So you actually haven't got an actual figure of what your bike weighs. And yeah, I'd rather have a bike that has 'Canondale' written down the side because it means that it's made by a quality manufacturer with a decent warranty rather than something that's only sold in a store that sells everything except food and the warranty is about as much good as a chocolate fireguard.


Tony.


----------



## Justinslow (10 Mar 2015)

outlash said:


> I have a Tiagra version and it was around 9 when I bought it, given 2300 is a little heavier it still comes in under 10kg. Nothing wrong with thumb shifters, I don't hear many Campag users moaning about them.
> 
> 
> 
> ...


I've weighed it loads of times then lost interest, would it be without pedals as in most spec sheets or with or without the saddle bag, tools, spare tube, pump, mudguards, bottle cages, bottles, lights etc etc etc.
My bike in its current guise in the picture weighs around 10.5 kg, if I fill both my bottles up for a long ride guess what, it weighs 12kg! And by the way so would your Caad.
You clearly don't like the bike as you have "previous" with me on this, I'm not getting into an argument about it again, I bought it because I wanted to, I could have bought a Dogma if I wanted to, a couple even! Get over it.


----------



## outlash (10 Mar 2015)

Tell you what, you stop talking crap about it with your inverted snobbery and I'll 'get over it'. How's that? 



Justinslow said:


> I could have bought a Dogma if I wanted to, a couple even!



I rest my case.


----------



## Justinslow (10 Mar 2015)

How have I been using "inverted snobbery" and which part is "crap"? 
How do you know my situation, my bank balance?


----------



## outlash (10 Mar 2015)

Buy two dogmas, pics with the bikes, receipts etc etc and get back to us. Until then, I'll assume you're talking crap.


----------



## Justinslow (10 Mar 2015)

outlash said:


> Buy two dogmas, pics with the bikes, receipts etc etc and get back to us. Until then, I'll assume you're talking crap.

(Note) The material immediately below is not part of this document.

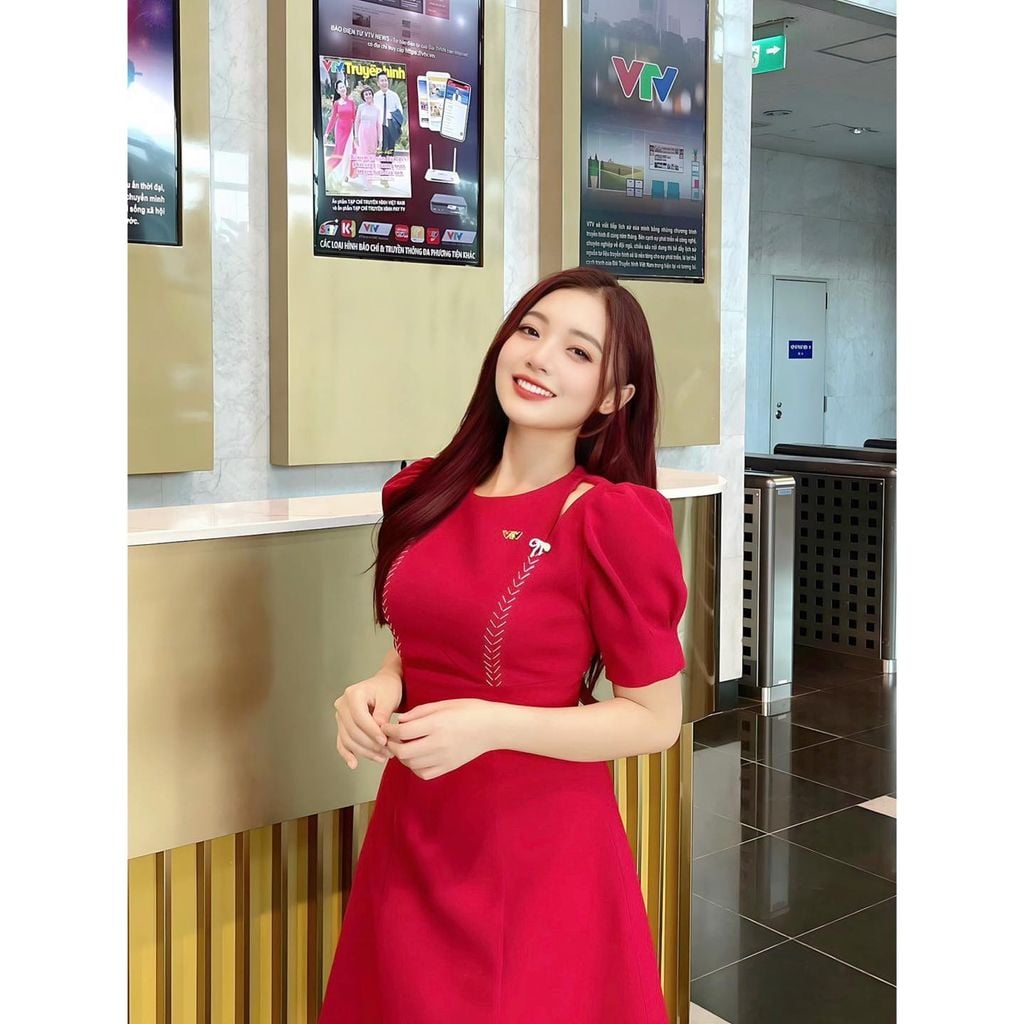 Váy nữ dáng A khoét vai đột chỉ phối màu đính nơ đá trang trí ngắn tay đen đỏ sang trọng YAME YV240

But that's the whole point, I don't want to! It's all about choice, not money. If you don't believe me that's your prerogative, I couldn't give a monkeys lol.
People like you make me chuckle, read back the posts, where have I said "don't buy an expensive bike"? You have attacked me (again) for owning a bike from Argos that didn't cost a lot because "it must be crap" and you don't like it.


----------



## outlash (10 Mar 2015)

I'll take it you haven't ordered the dogmas then.


----------



## Justinslow (10 Mar 2015)

No I'll stick with the Ventura thanks, but my statement stands, I could, if I wanted, go and buy a couple, that would of course be silly, as the extra expense over the Ventura would what - make me a bit quicker? Oh and I would look really "flash" nah, I'll stick with my crap Argos bike, it does what I want it to, that's good enough for me.


----------



## outlash (10 Mar 2015)

And my statement still stands. Unless you're prepared to back up your claim that you can buy two dogmas and provide proof, I'll assume you're talking out of your backside.


----------



## Justinslow (11 Mar 2015)

Ha ha, you can't bear the thought that I actually chose this bike (and it might be half decent) and that I actually have a few quid in the bank aswell, and I'm not a peasant, it just doesn't add up to you does it?
In your mind - I must be poor, as I chose to buy a bike from Argos! Laughable.
I could buy two, but not three, I'm not that rich.


----------



## Cuchilo (11 Mar 2015)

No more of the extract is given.